== RECORDS FOR THIS TASK

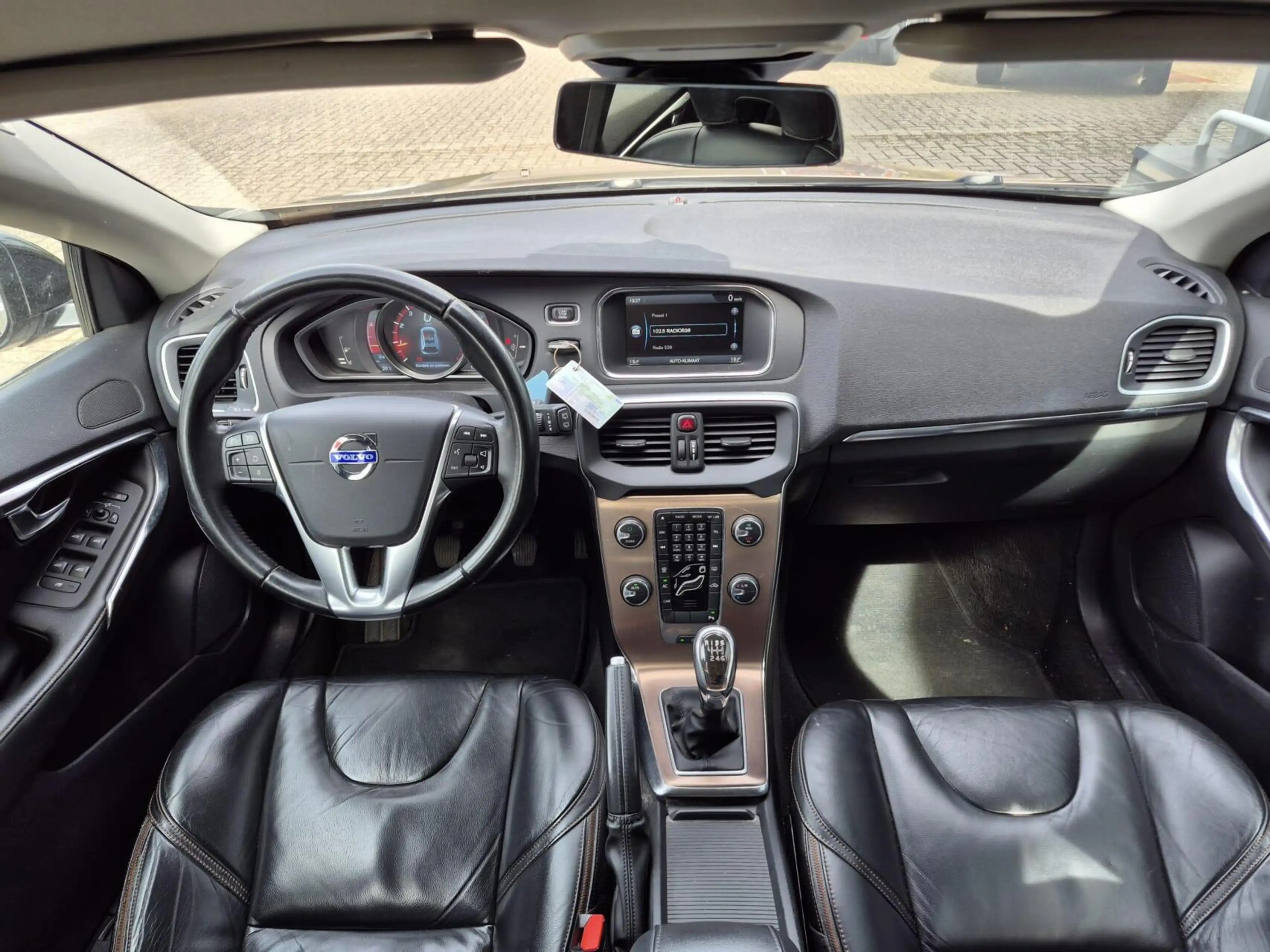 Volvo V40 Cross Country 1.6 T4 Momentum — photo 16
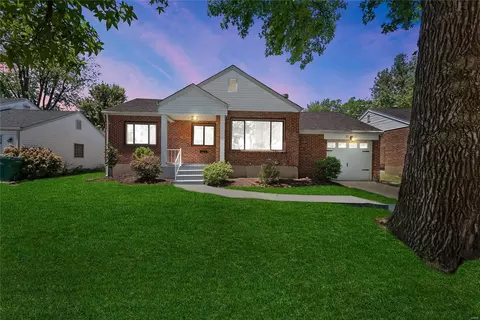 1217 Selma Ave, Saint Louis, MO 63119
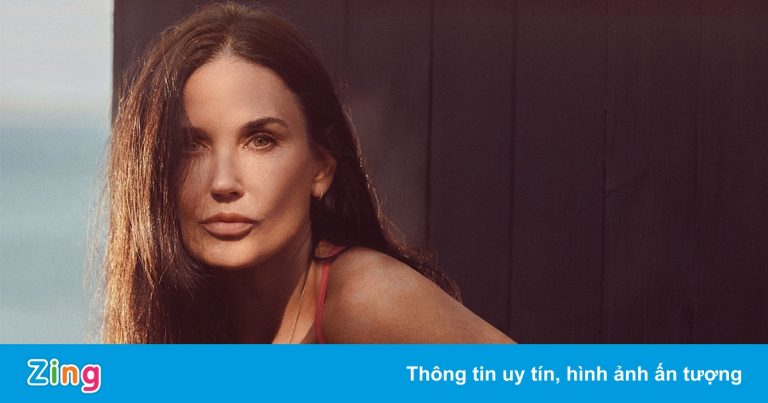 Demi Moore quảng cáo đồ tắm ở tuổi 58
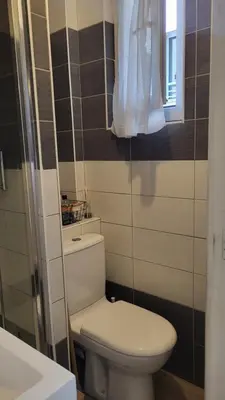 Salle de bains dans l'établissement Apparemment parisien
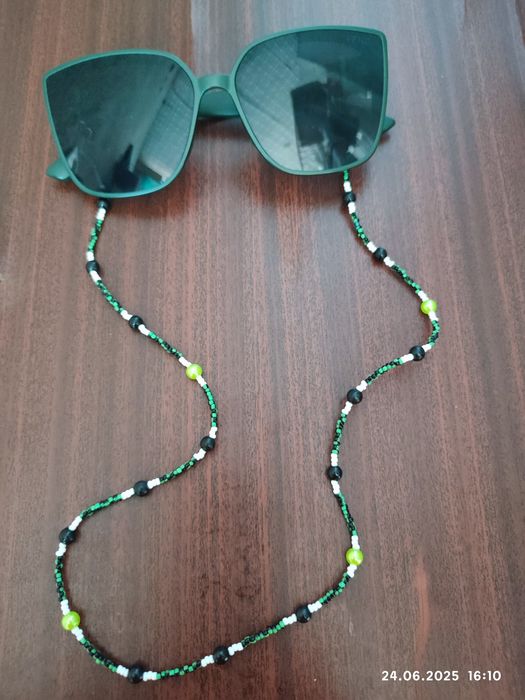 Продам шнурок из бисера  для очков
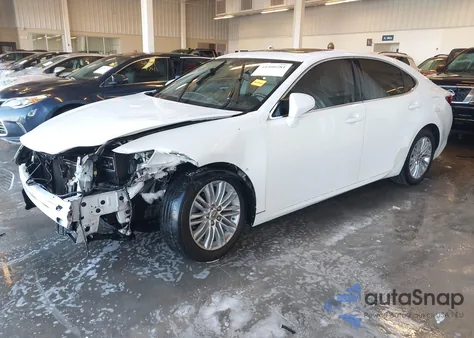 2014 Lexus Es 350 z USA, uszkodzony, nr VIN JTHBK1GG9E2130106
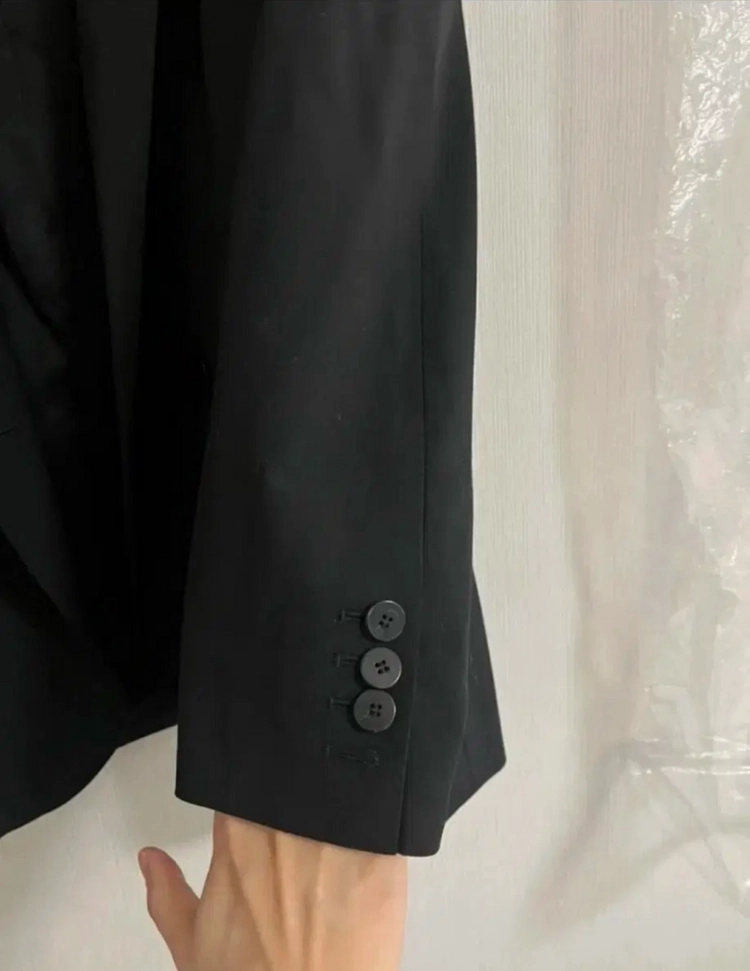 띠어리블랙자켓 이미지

====

» TASK DETAILS: Output exactly, and only, the lines running from the line containing "Продам шнурок из" to the last line of the entries above, omitting the pictures.

» TASK RESULT:
 Продам шнурок из бисера  для очков
 2014 Lexus Es 350 z USA, uszkodzony, nr VIN JTHBK1GG9E2130106
 띠어리블랙자켓 이미지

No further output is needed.